▶ [PROBLEM TO SOLVE] In the material below, find each line with the string "Image" and copy it.
*** EXERCISE INPUT Section Begins ***
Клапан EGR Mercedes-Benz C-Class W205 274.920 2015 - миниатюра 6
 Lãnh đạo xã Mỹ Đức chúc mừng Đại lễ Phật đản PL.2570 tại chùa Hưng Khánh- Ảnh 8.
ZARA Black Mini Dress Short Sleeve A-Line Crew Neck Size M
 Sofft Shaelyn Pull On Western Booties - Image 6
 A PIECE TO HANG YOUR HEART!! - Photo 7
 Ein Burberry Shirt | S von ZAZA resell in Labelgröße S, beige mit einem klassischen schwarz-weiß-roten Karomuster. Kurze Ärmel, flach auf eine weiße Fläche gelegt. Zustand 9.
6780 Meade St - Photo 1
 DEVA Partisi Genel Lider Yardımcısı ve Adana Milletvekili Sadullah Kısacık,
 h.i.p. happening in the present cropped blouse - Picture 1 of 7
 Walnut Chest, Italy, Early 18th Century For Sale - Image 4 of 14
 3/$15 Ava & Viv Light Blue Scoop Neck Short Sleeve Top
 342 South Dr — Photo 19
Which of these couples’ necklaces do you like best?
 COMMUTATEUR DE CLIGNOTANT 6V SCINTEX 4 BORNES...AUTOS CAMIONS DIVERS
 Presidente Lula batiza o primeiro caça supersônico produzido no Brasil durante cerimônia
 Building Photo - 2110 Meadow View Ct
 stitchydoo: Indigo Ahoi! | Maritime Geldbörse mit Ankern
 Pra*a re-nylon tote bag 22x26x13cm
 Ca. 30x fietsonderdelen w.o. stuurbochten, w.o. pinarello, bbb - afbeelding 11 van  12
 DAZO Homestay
*** EXERCISE INPUT Section Ends ***
▶ [WRITTEN ANSWER]
 Sofft Shaelyn Pull On Western Booties - Image 6
 Walnut Chest, Italy, Early 18th Century For Sale - Image 4 of 14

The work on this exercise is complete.